ENTRIES SUPPLIED section start

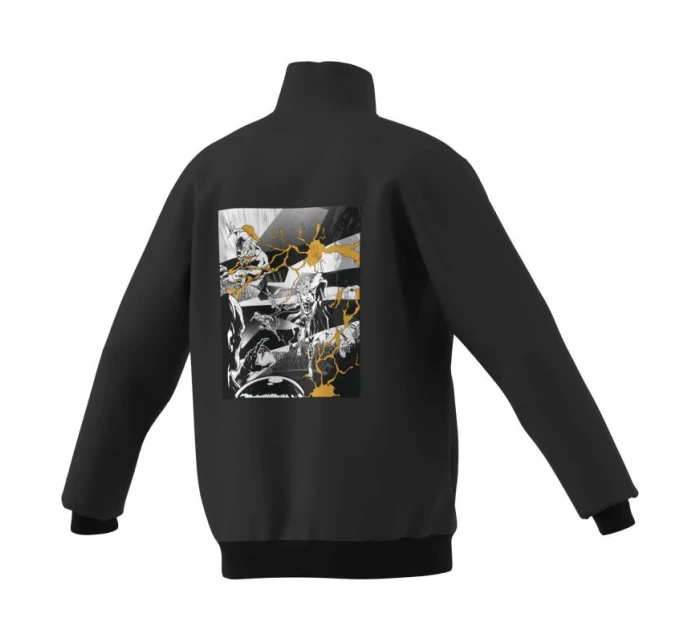 Junior Real Madrid Marvel mikina model 21812559 - ADIDAS Junior Real Madrid Marvel mikina model 21812559 - ADIDAS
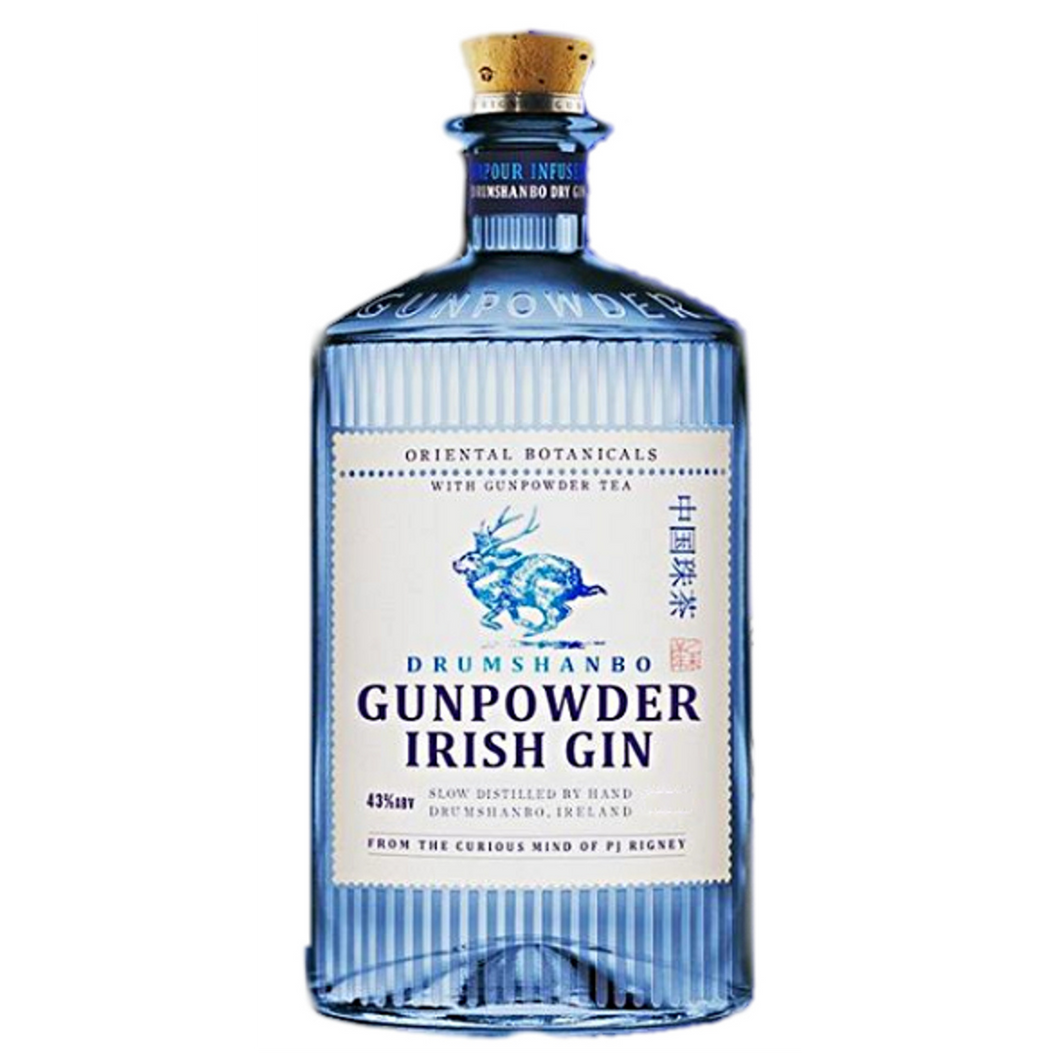 Drumshanbo Gunpowder Irish Gin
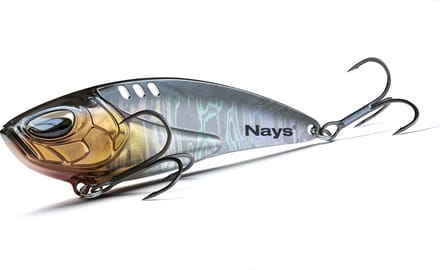 Nays MTL LF 45 T-01 4.5cm T-01
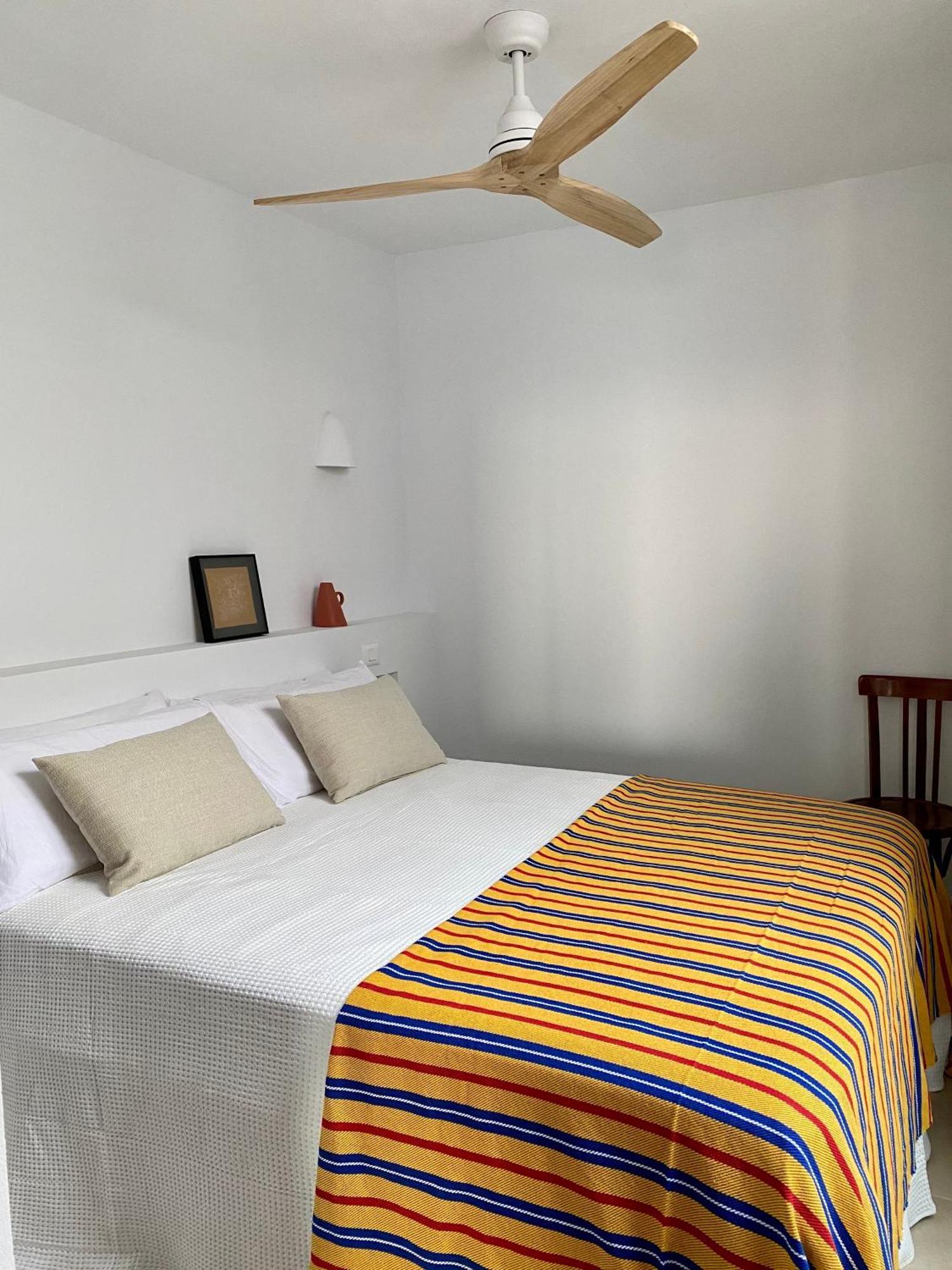 Casa Costa Apartments Bajamar  Dış mekan fotoğraf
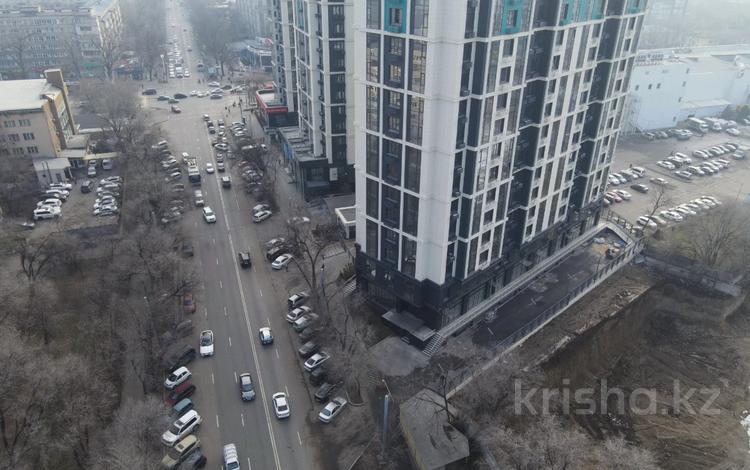 Свободное назначение, офисы, магазины и бутики, склады, общепит, салоны красоты, бани, гостиницы и зоны отдыха, медцентры и аптеки, образование, развлечения · 75.5 м² за ~ 98.2 млн 〒 в Алматы, Алмалинский р-н — фото 2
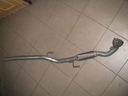 TUBE FROM LACZNIKIEM ELASTIC SKODA FABIA I ,SEAT IBIZA ,VW POLO POJ.1,2 photo 2 - milautoparts-fr.ukrlive.com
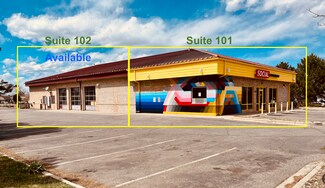 Plus de détails pour 4405 Chambers Rd, Denver, CO - Local commercial à louer
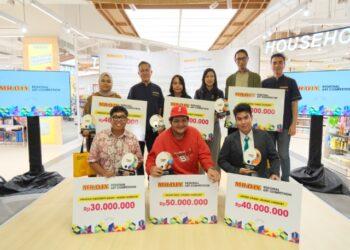 MR.D.I.Y. Regional Art Competition 2026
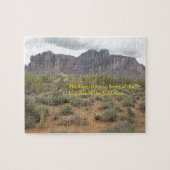 Zuhause des verlorenen Holländer-Puzzlespiels Puzzle (Horizontal)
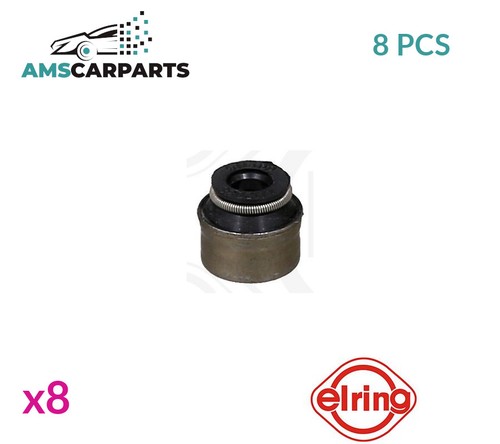 Valve stem seal set 302890 - stem,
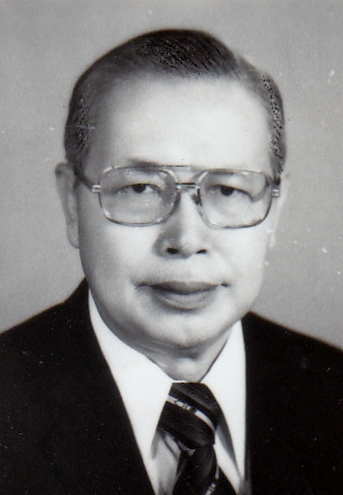 林连玉基金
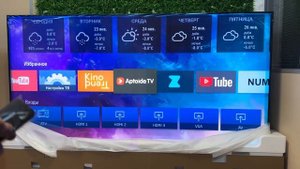 Телевизор Xiaomi Redmi TV Max 100 4K 120Hz #xiaomitv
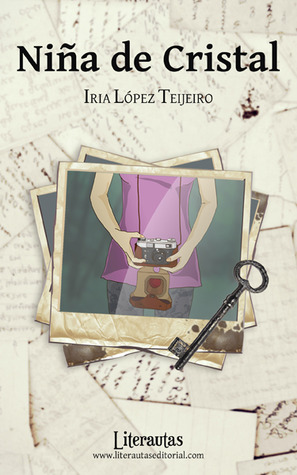 Niña de cristal (Kindle Edition)
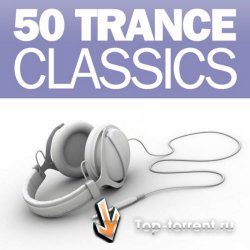 VA-50 Trance Classics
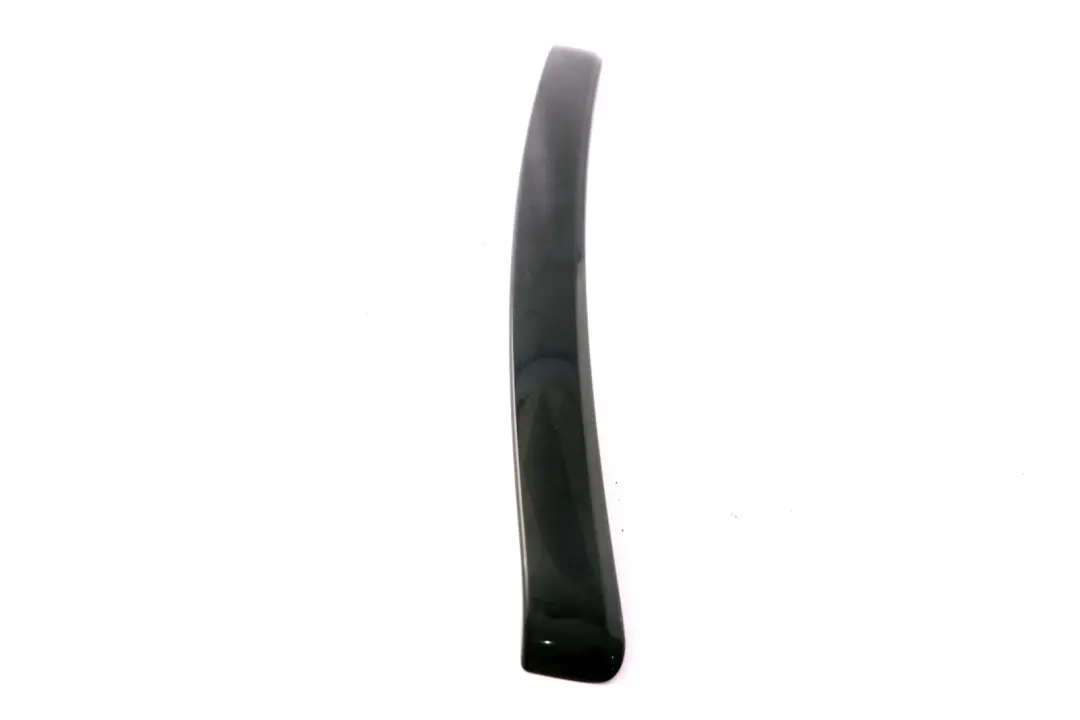BMW 3 Series 1 E92 E93 Decorative Strip Trim Cover Rear Right O/S Diamant Black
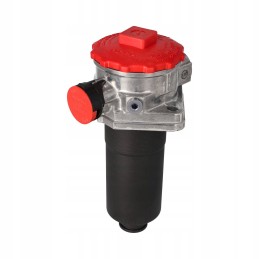 Grąžinimo filtras e 103 982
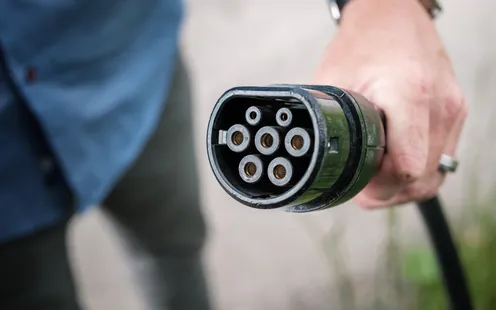 La recharge à domicile est la norme – les locataires restent désavantagés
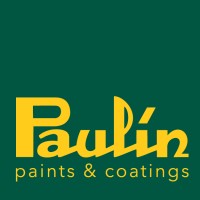 Colorificio Paulin S.p.A. logo - Similar company to Ellis Engineered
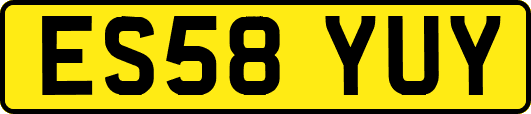 ES58YUY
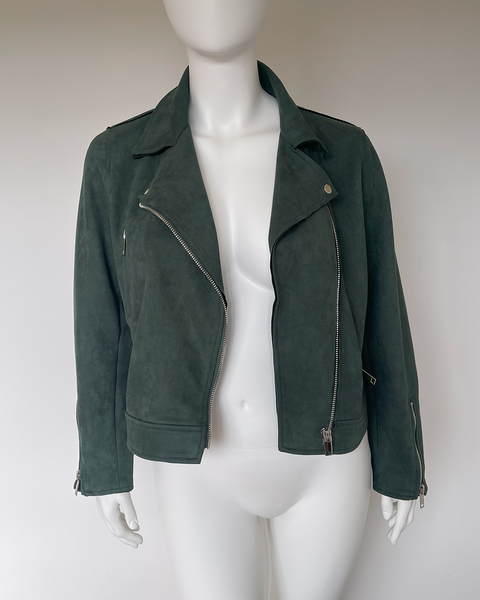 Vassalli jacket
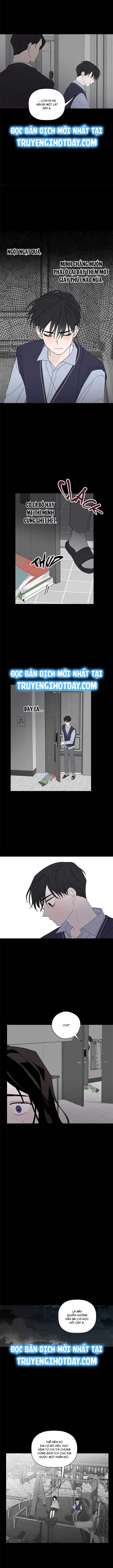 hương vị năm mới chapter 63 4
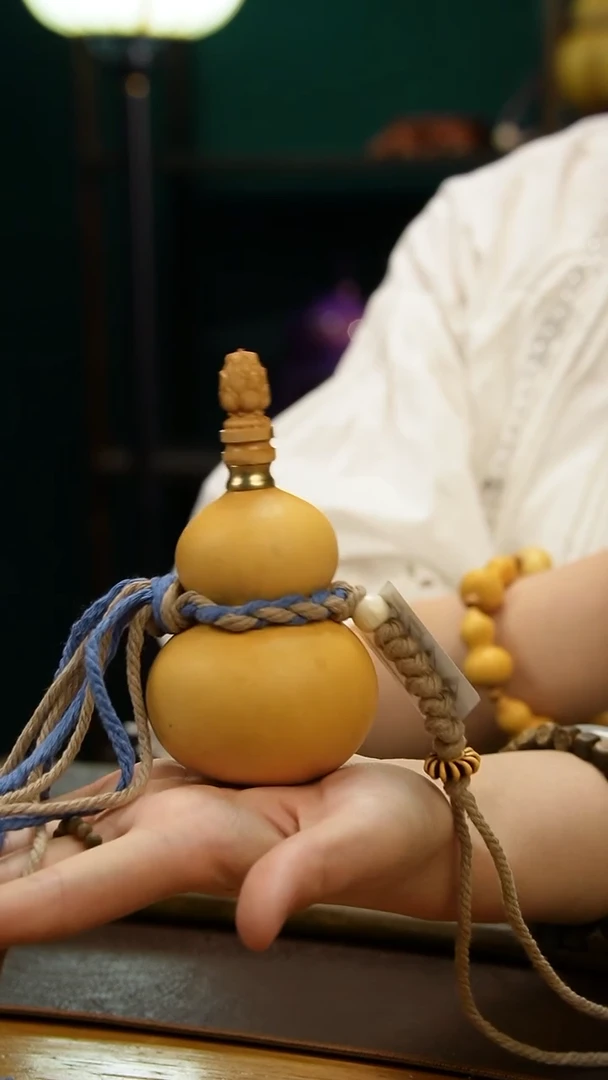 A475热水酒葫芦 一物一拍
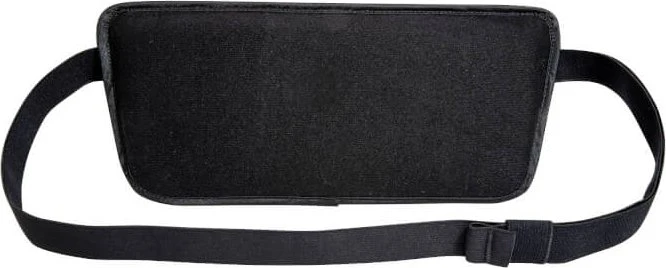 Tatonka Skin Moneybelt Int. Bauchtasche schwarz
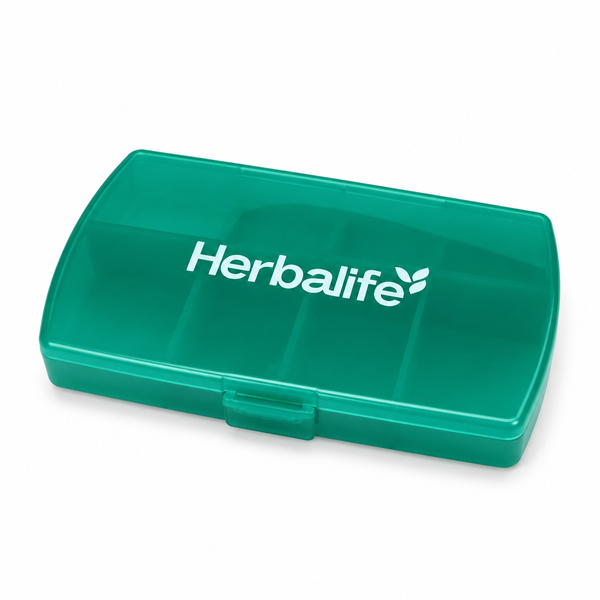 Herbalife srednja kutija za tablete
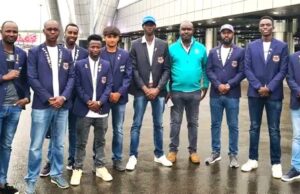 GOLF NEWS-Team Kenya’s experience and skills hopes to yield fruits at the Victoria Cup in Uganda;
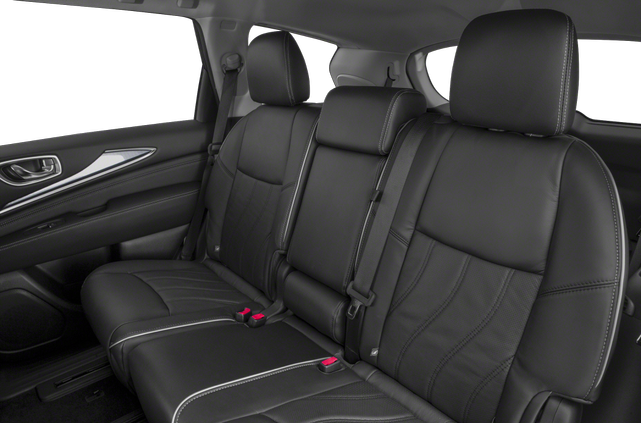 2020 INFINITI QX60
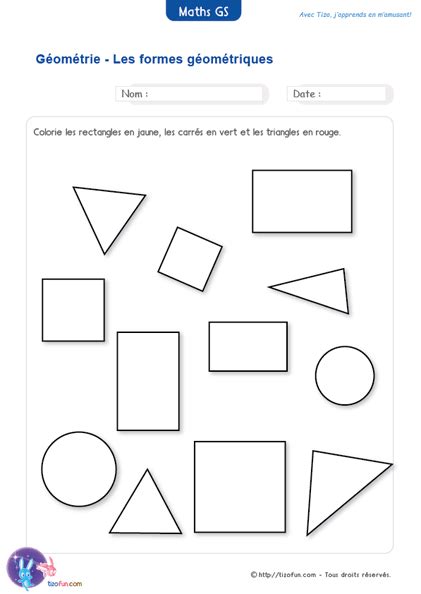 Ecrire un programme de construction 6ème Mathématiques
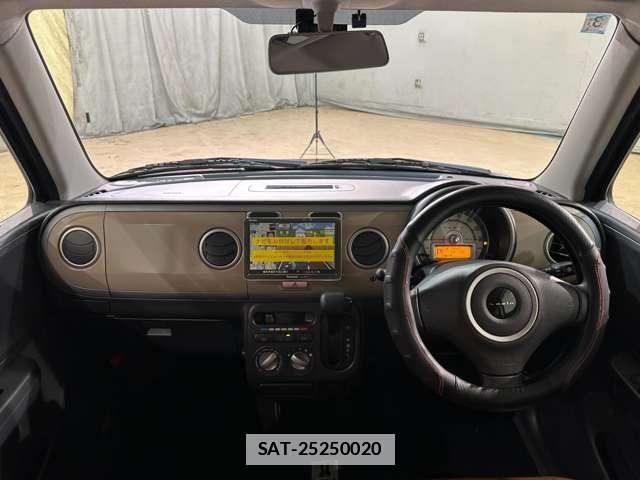 Suzuki LAPIN 2012-05 7960445-13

ENTRIES SUPPLIED section end

WHAT THE TASK REQUIRES: From the records above, return exactly the lines running from the one that contains "Nays MTL LF 45 T-01 4.5cm T-01" down to the one that contains "Ecrire un programme", both included, without any pictures.

SOLUTION:
 Nays MTL LF 45 T-01 4.5cm T-01
 Casa Costa Apartments Bajamar  Dış mekan fotoğraf
 Свободное назначение, офисы, магазины и бутики, склады, общепит, салоны красоты, бани, гостиницы и зоны отдыха, медцентры и аптеки, образование, развлечения · 75.5 м² за ~ 98.2 млн 〒 в Алматы, Алмалинский р-н — фото 2
 TUBE FROM LACZNIKIEM ELASTIC SKODA FABIA I ,SEAT IBIZA ,VW POLO POJ.1,2 photo 2 - milautoparts-fr.ukrlive.com
 Plus de détails pour 4405 Chambers Rd, Denver, CO - Local commercial à louer
 MR.D.I.Y. Regional Art Competition 2026
 Zuhause des verlorenen Holländer-Puzzlespiels Puzzle (Horizontal)
 Valve stem seal set 302890 - stem,
 林连玉基金
 Телевизор Xiaomi Redmi TV Max 100 4K 120Hz #xiaomitv
 Niña de cristal (Kindle Edition)
 VA-50 Trance Classics
BMW 3 Series 1 E92 E93 Decorative Strip Trim Cover Rear Right O/S Diamant Black
 Grąžinimo filtras e 103 982
 La recharge à domicile est la norme – les locataires restent désavantagés
 Colorificio Paulin S.p.A. logo - Similar company to Ellis Engineered
 ES58YUY
 Vassalli jacket
 hương vị năm mới chapter 63 4
 A475热水酒葫芦 一物一拍
 Tatonka Skin Moneybelt Int. Bauchtasche schwarz
 Herbalife srednja kutija za tablete
 GOLF NEWS-Team Kenya’s experience and skills hopes to yield fruits at the Victoria Cup in Uganda;
 2020 INFINITI QX60
 Ecrire un programme de construction 6ème Mathématiques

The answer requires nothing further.